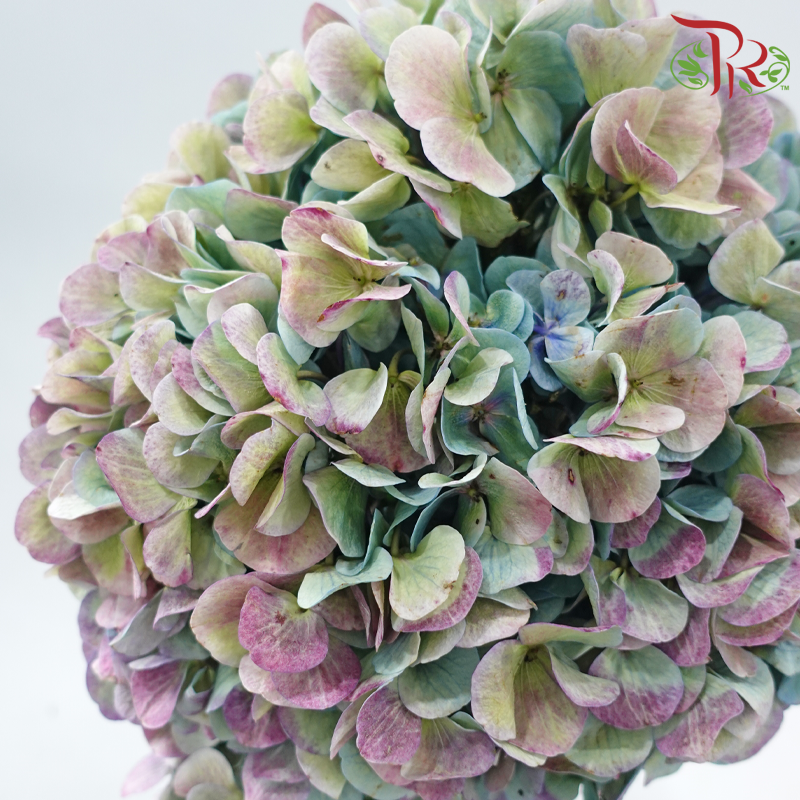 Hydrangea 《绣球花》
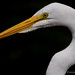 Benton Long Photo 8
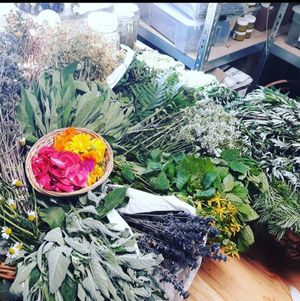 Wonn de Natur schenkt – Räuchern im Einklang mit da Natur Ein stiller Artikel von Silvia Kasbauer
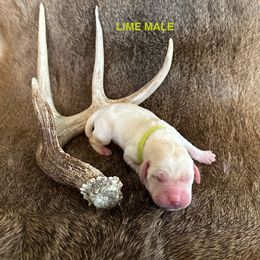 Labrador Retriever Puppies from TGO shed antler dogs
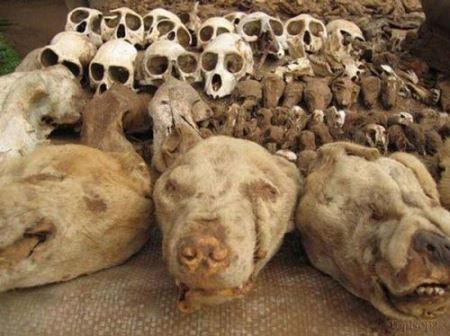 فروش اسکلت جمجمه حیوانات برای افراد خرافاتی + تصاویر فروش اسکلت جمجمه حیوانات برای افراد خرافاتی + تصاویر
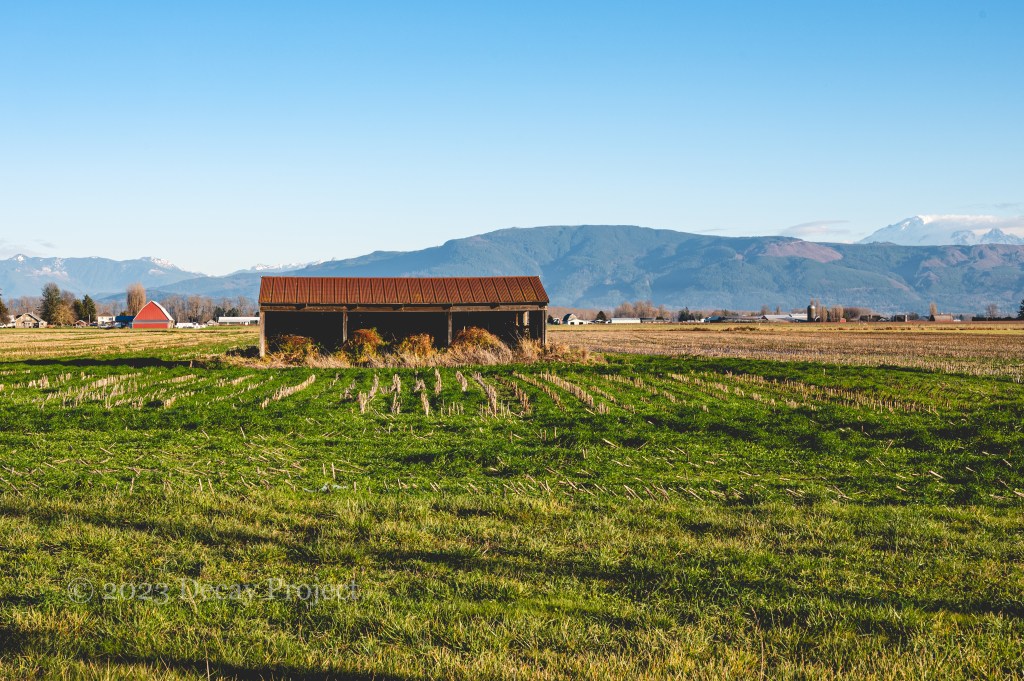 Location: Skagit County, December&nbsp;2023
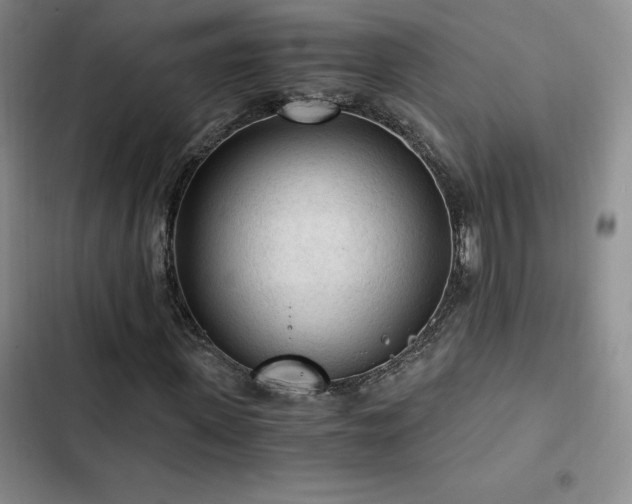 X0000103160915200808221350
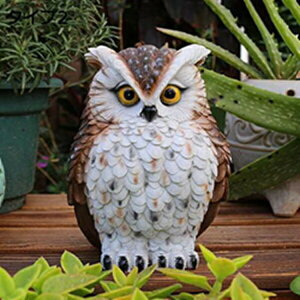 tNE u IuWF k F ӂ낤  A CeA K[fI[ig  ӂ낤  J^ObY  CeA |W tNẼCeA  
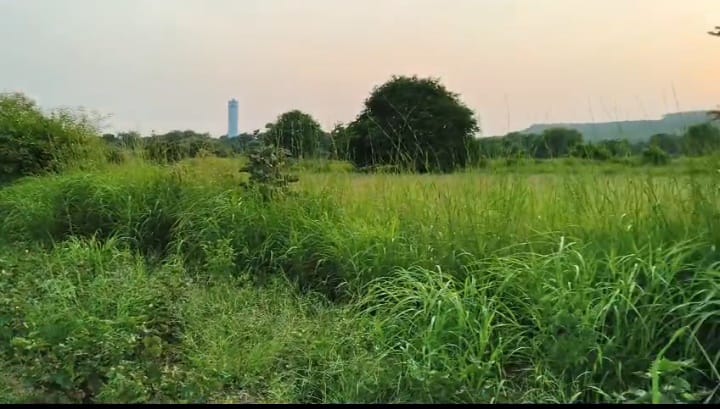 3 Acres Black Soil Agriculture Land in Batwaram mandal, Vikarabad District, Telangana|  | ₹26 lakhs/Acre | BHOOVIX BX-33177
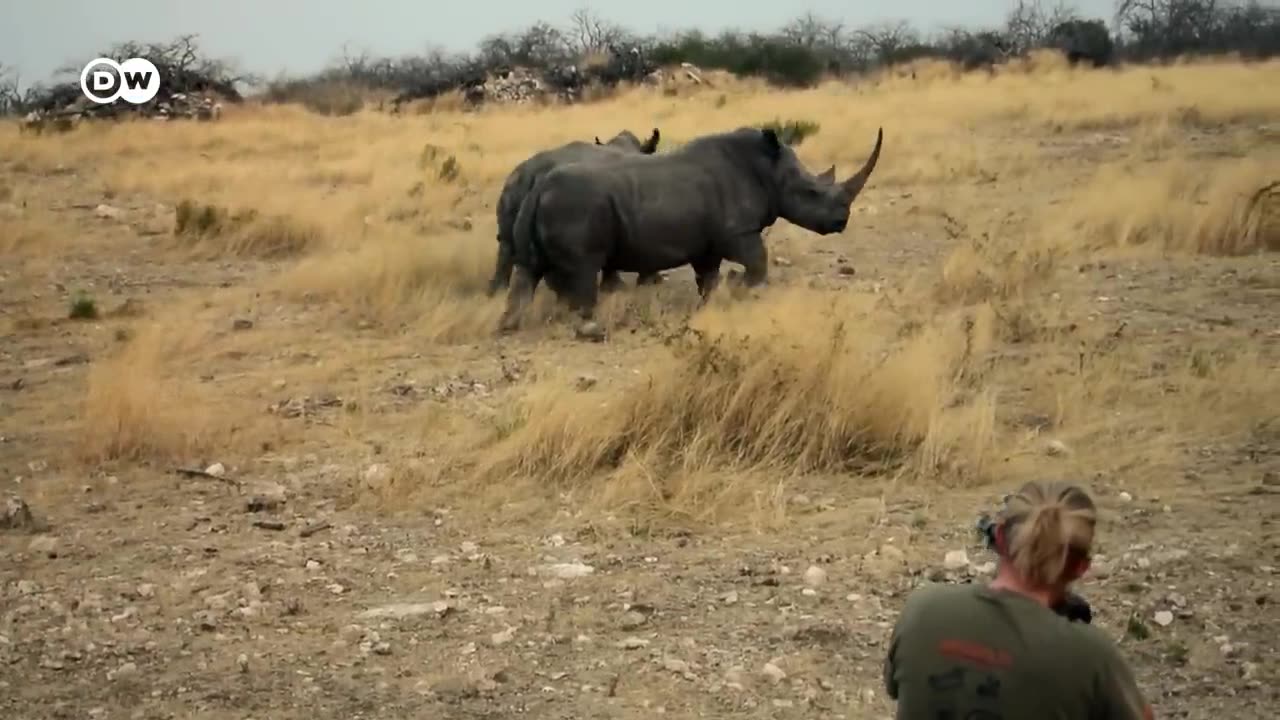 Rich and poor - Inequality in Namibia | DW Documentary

...

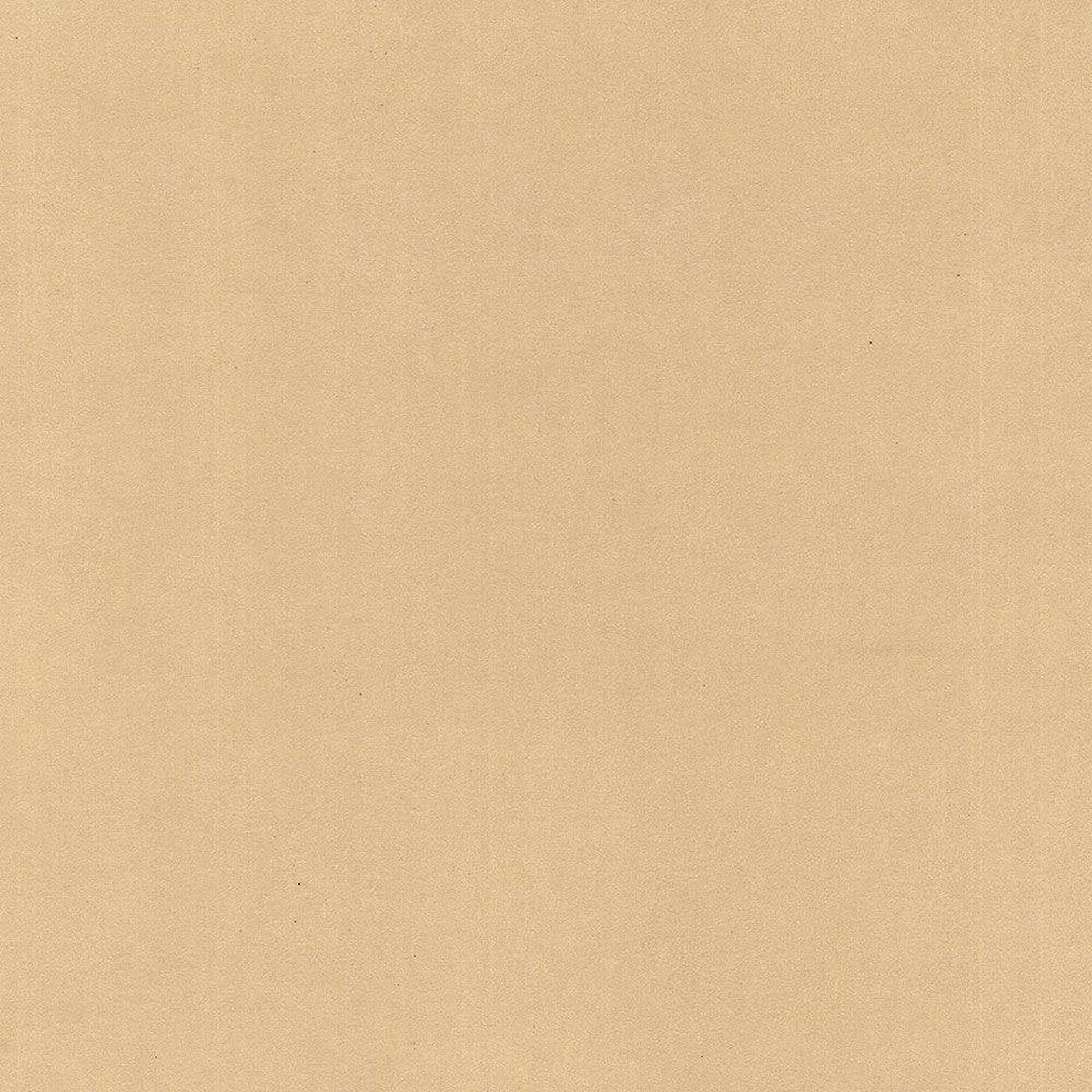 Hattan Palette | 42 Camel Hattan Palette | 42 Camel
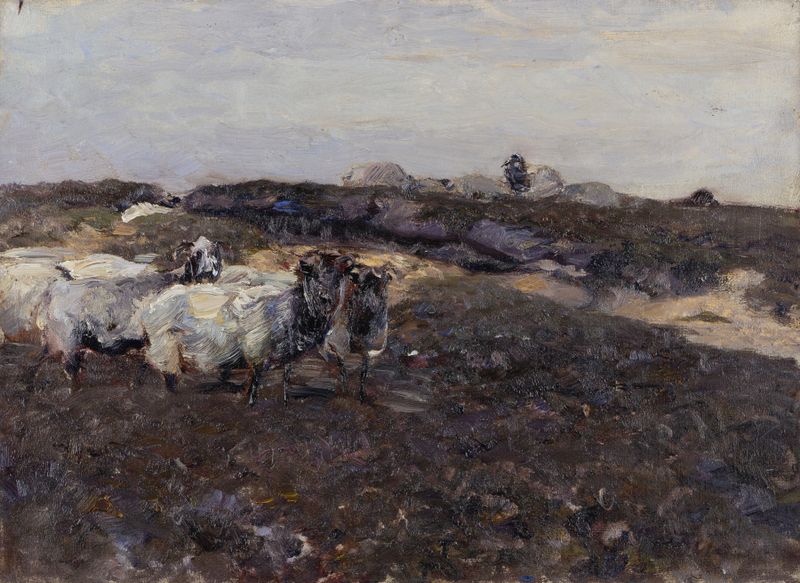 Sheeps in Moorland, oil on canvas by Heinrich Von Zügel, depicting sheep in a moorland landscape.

Exercise instructions: Nothing except the lines from the one containing "Benton Long Photo 8" through the one containing "فروش اسکلت جمجمه حیوانات برای افراد خرافاتی + تصاویر فروش" should appear in the answer, exactly as above and without pictures.

Solution for this problem:
 Benton Long Photo 8
 Wonn de Natur schenkt – Räuchern im Einklang mit da Natur Ein stiller Artikel von Silvia Kasbauer
 Labrador Retriever Puppies from TGO shed antler dogs
 فروش اسکلت جمجمه حیوانات برای افراد خرافاتی + تصاویر فروش اسکلت جمجمه حیوانات برای افراد خرافاتی + تصاویر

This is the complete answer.